RECORDS FOR THE EXERCISE —
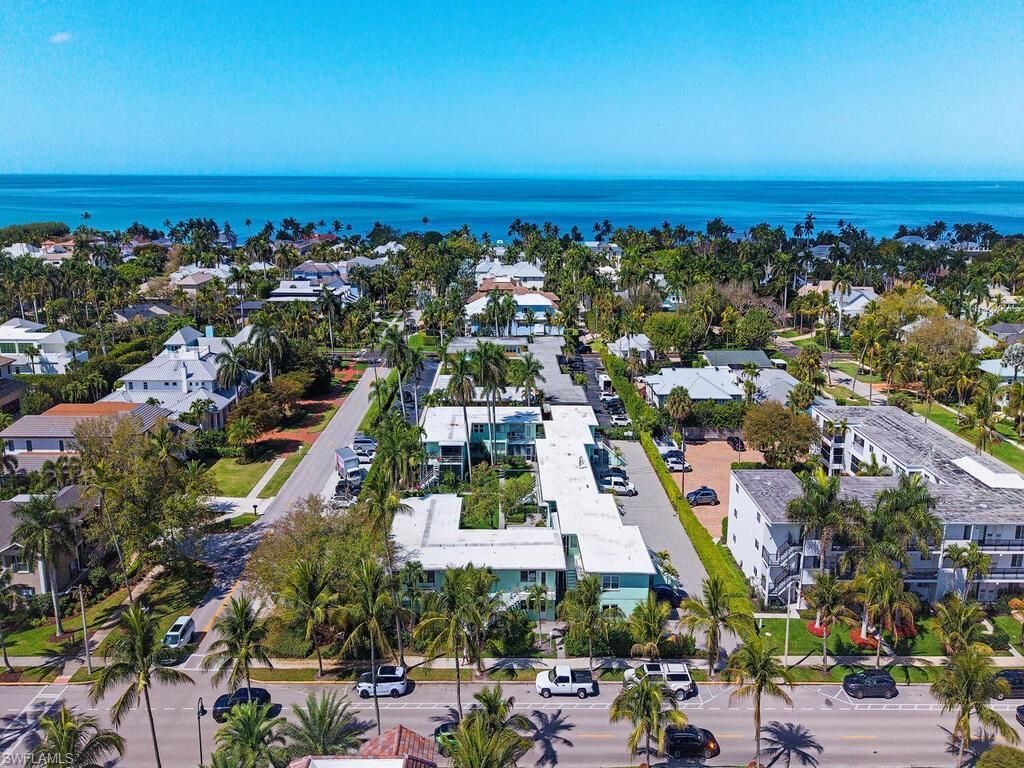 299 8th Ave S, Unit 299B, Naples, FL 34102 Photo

---

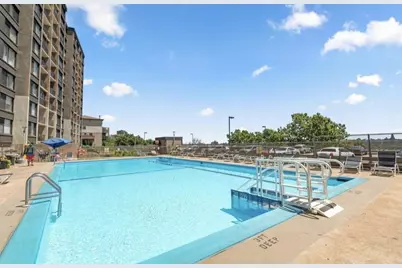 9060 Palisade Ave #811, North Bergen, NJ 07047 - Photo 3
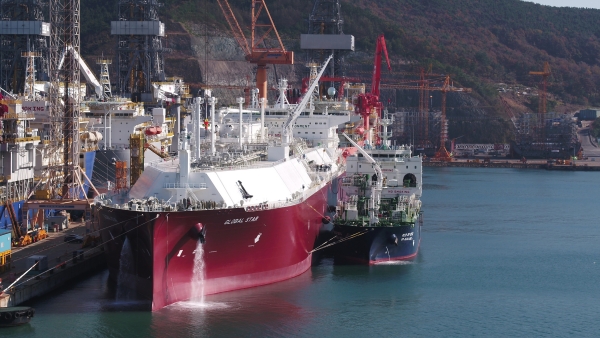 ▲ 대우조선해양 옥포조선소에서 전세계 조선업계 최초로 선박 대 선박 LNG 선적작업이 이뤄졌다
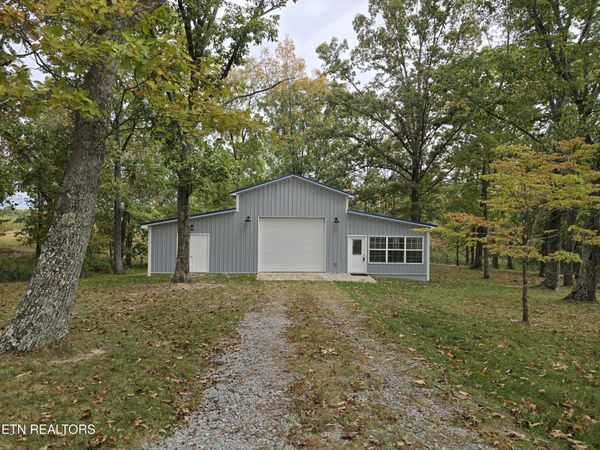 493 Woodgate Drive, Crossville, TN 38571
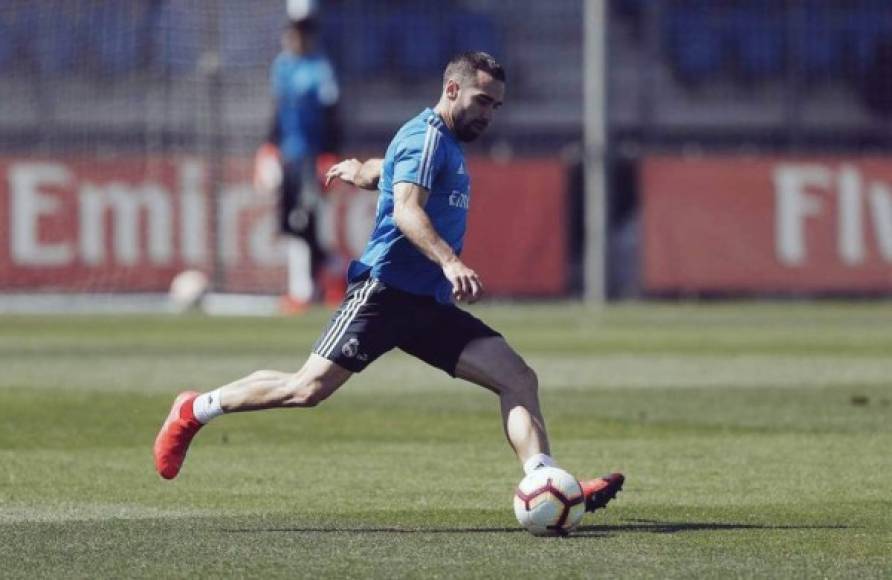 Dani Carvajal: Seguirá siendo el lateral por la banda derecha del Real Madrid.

TASK DIRECTIONS — From the data above, return exactly the lines from the one with "493 Woodgate Drive, Crossville, TN 38571" up to and including the one with "Dani Carvajal: Seguirá". Pictures do not go in the copy.

ANSWER SPACE —
 493 Woodgate Drive, Crossville, TN 38571
 Dani Carvajal: Seguirá siendo el lateral por la banda derecha del Real Madrid.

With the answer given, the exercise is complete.